ENTRIES SUPPLIED section start
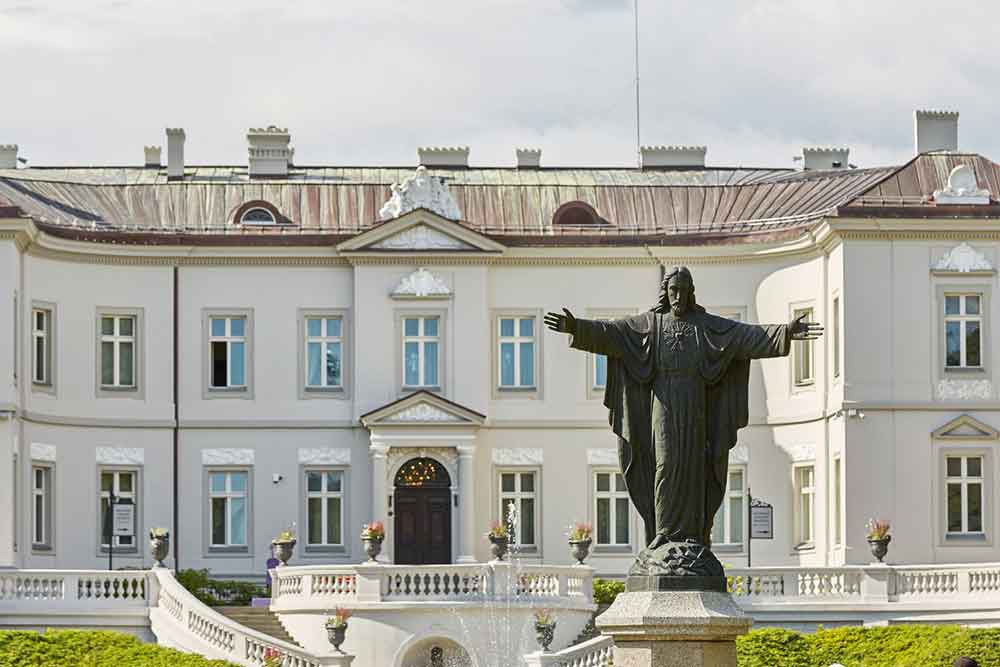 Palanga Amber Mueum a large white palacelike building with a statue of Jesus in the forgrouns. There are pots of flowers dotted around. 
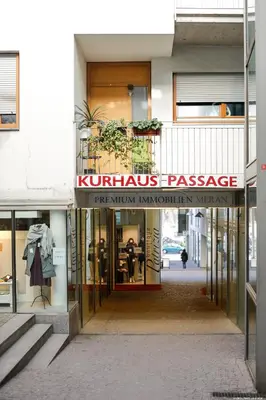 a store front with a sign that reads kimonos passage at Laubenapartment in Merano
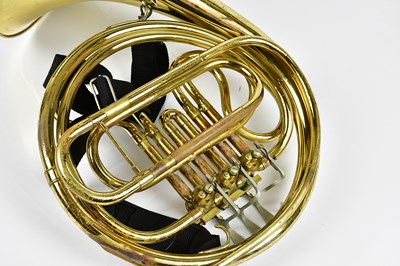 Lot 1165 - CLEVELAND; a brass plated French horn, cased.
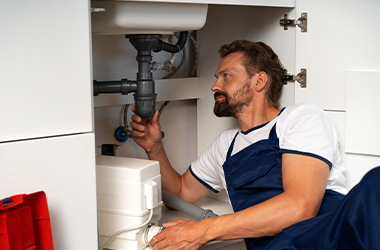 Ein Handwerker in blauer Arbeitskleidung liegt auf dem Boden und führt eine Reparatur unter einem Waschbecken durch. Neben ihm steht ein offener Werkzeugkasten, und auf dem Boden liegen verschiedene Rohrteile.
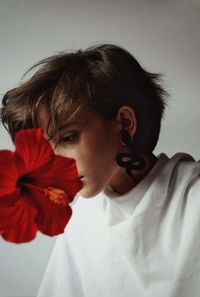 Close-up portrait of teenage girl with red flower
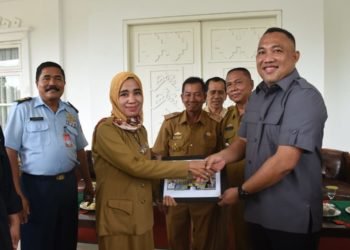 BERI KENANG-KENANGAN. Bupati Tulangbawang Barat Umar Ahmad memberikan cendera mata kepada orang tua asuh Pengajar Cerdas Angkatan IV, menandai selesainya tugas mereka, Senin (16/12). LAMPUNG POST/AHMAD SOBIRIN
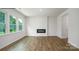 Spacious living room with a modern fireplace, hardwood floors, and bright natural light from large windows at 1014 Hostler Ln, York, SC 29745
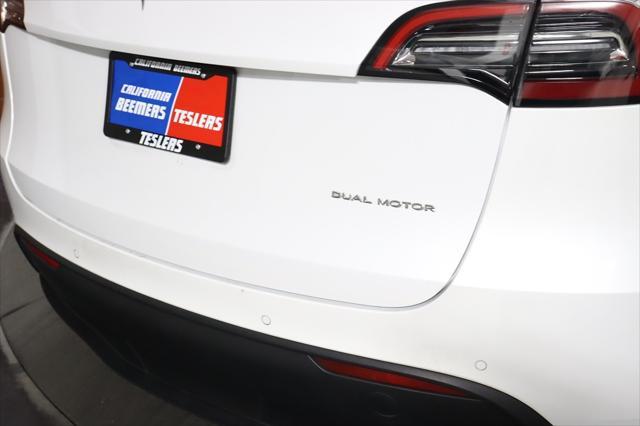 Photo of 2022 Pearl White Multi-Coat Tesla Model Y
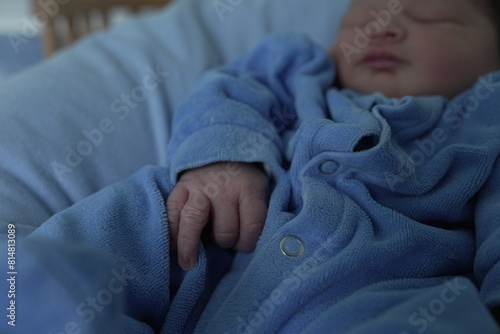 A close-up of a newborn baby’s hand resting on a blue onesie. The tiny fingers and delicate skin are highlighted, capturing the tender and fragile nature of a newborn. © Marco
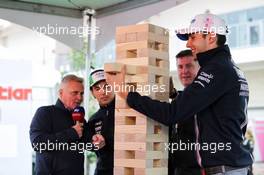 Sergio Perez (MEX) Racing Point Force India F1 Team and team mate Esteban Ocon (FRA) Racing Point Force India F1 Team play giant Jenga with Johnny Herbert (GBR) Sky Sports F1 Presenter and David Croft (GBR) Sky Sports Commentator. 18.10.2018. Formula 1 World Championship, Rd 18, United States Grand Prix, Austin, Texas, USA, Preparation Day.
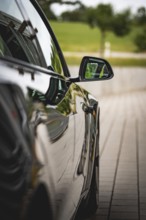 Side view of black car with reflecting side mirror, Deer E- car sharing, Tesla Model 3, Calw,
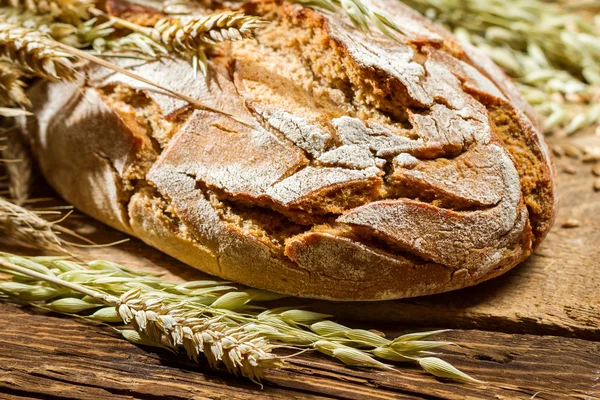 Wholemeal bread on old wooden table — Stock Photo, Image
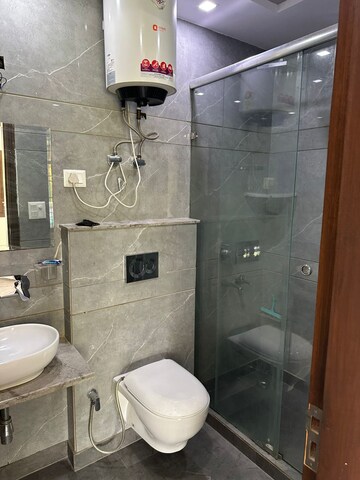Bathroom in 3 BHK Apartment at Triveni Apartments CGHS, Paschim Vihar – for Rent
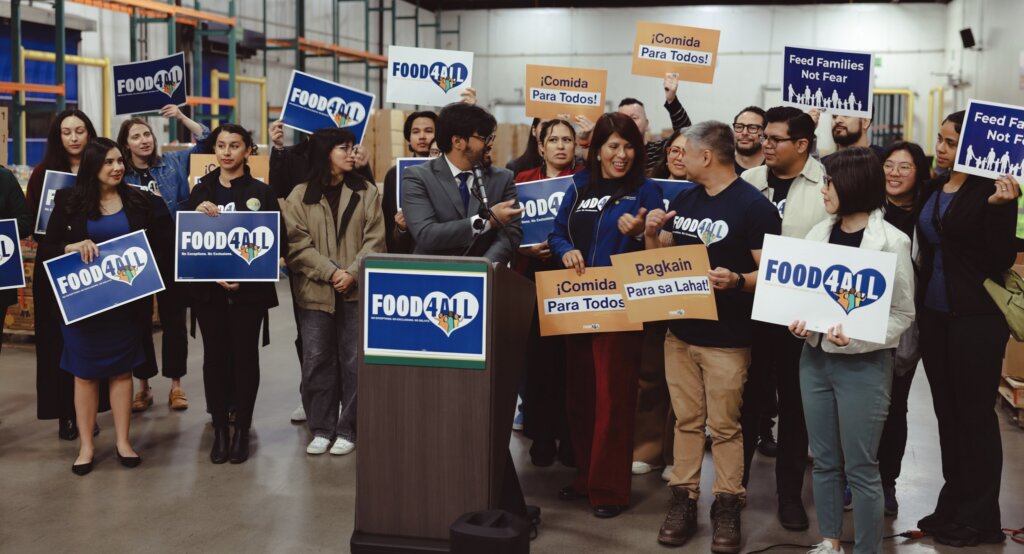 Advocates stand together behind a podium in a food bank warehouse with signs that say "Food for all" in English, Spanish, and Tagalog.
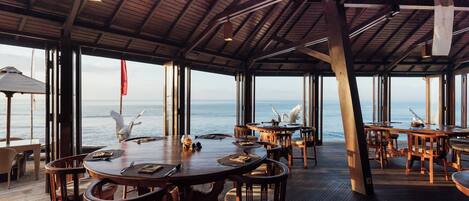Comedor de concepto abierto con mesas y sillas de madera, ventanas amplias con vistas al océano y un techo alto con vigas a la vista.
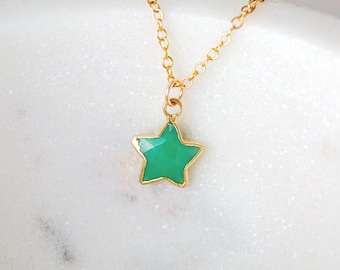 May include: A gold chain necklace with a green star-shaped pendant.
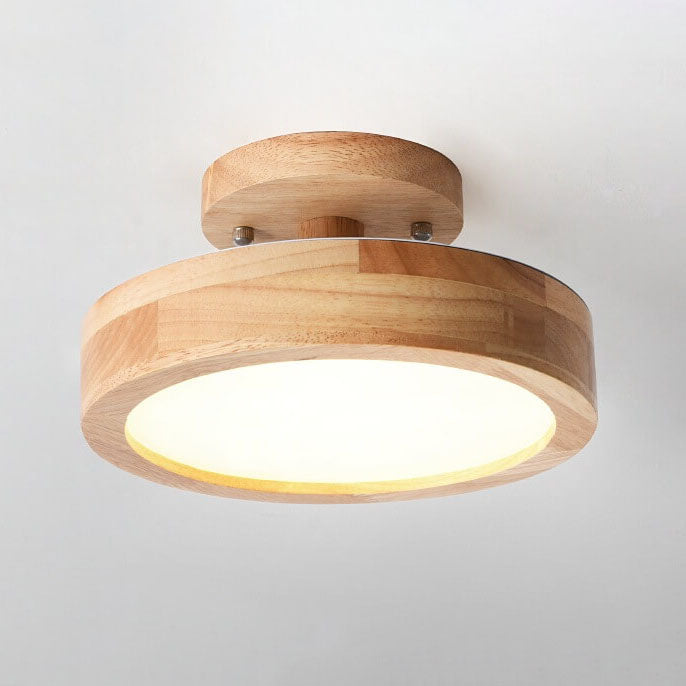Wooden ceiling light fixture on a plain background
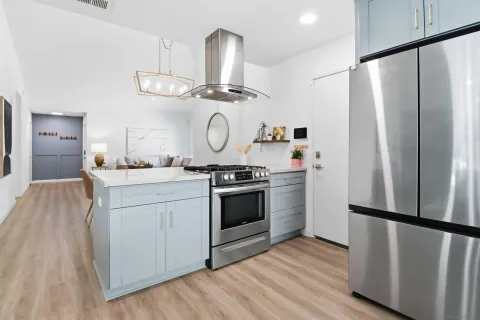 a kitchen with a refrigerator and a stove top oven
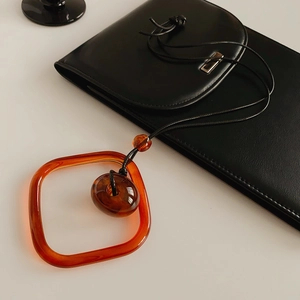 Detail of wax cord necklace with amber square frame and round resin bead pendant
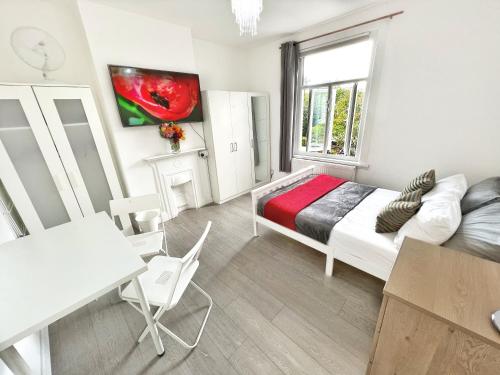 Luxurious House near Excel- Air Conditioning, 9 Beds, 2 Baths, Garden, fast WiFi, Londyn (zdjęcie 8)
ENTRIES SUPPLIED section end
WHAT TO WORK ON: Beginning with the line above that contains "Lot 1165 - CLEVELAND;" and ending with the line that contains "Close-up portrait of", quote each line exactly, keeping out the pictures.

COMPLETED TASK:
 Lot 1165 - CLEVELAND; a brass plated French horn, cased.
 Ein Handwerker in blauer Arbeitskleidung liegt auf dem Boden und führt eine Reparatur unter einem Waschbecken durch. Neben ihm steht ein offener Werkzeugkasten, und auf dem Boden liegen verschiedene Rohrteile.
 Close-up portrait of teenage girl with red flower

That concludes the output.